Overall, the book was great. This list was pure gold for leaders.

Enhanced by Zemanta

Necessary Endings

bookEvery Saturday morning, I review a book that I read recently. If you missed any, you can read past reviews here. This week’s book is Necessary Endings: The Employees, Businesses, & Relationships that all of us Have to Give up in Order to Move Forward (kindle version) by Henry Cloud.

As the title indicates, the book is about how to know when things have run their course. It looks at how life, business, church, relationships and organizations all have a life cycle. We all know this. We aren’t friends with everyone forever, we don’t have ministries that run forever (although it might feel that way at some churches), we don’t have products that last forever. Things end. People move on. Sometimes that ending is hurtful and sometimes productive. But they happen.
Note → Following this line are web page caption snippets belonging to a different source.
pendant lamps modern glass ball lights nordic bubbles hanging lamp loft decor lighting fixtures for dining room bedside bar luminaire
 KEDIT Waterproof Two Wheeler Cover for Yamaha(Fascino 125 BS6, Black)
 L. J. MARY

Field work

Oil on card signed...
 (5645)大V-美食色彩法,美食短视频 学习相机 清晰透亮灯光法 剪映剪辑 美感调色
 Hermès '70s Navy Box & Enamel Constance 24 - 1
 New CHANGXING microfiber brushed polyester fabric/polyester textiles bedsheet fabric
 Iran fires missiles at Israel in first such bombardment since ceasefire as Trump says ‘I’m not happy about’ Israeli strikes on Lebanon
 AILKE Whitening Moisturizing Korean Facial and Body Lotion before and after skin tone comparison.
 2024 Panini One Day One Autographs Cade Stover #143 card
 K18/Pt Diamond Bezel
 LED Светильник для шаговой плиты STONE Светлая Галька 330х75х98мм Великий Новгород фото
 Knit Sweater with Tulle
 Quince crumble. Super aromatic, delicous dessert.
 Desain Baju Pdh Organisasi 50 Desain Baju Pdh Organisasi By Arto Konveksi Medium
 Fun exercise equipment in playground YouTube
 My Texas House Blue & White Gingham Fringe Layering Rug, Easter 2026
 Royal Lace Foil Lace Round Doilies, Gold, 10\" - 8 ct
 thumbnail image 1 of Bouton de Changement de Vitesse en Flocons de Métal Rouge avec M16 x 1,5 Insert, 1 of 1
What Cloud does and it is something every leader needs to learn is how to know when that ending is happening (before it’s too late) and how to end it and move on in a healthy way.

For the longest time I’ve been terrible at this. I hold onto relationships too long. I let people who hurt me stay in my head for years. While I’ve grown in this area, I’m nowhere close to where I need to be, which is why I found this book so helpful.

Here are a few things I highlighted:

  • For there to be anything new, old things always have to end, and we have to let go of them.
  • Getting to the next level always requires ending something, leaving it behind, and moving on. Growth itself demands that we move on. Without the ability to end things, people stay stuck, never becoming who they are meant to be, never accomplishing all that their talents and abilities should afford them.
  • In many contexts, until we let go of what is not good, we will never find something that is good. The lesson: good cannot begin until bad ends.
  • Often, there are no good business reasons for waiting to do something that should be done now.
  • In the simple word pruning is the central theme of what a necessary ending is all about: Removing whatever it is in our business or life whose reach is unwanted or superfluous.
  • Make the endings a normal occurrence and a normal part of business and life, instead of seeing it as a problem.
  • One of the most important aspects to any high performance is the ability to separate one’s personhood from any particular result.
  • the great leaders make “life and death decisions,” which, as he pointed out, were usually about people. Those are the decisions that cause big directional changes in businesses, where the life or death of the vision depends on someone stepping up and acting.
  • What is not working is not going to magically begin working
  • If you comb the leadership literature, one theme runs throughout everyone’s descriptions of the best leaders. The great ones have either a natural ability, or an acquired one, as Collins says, to “confront the brutal facts.”
  • In the absence of real, objective reasons to think that more time is going to help, it is probably time for some type of necessary ending.
  • When truth presents itself, the wise person sees the light, takes it in, and makes adjustments.
  • People resist change that they feel no real need to make.
  • In my experience with businesses and individuals, not paying attention to sustainability is one of the most common reasons that they get into trouble, sometimes unrecoverable trouble.

As a leader, this is a book worth picking up. I think for many pastors, knowing when to end a ministry, a relationship or how to handle a leader who is not performing, this book can be extremely helpful.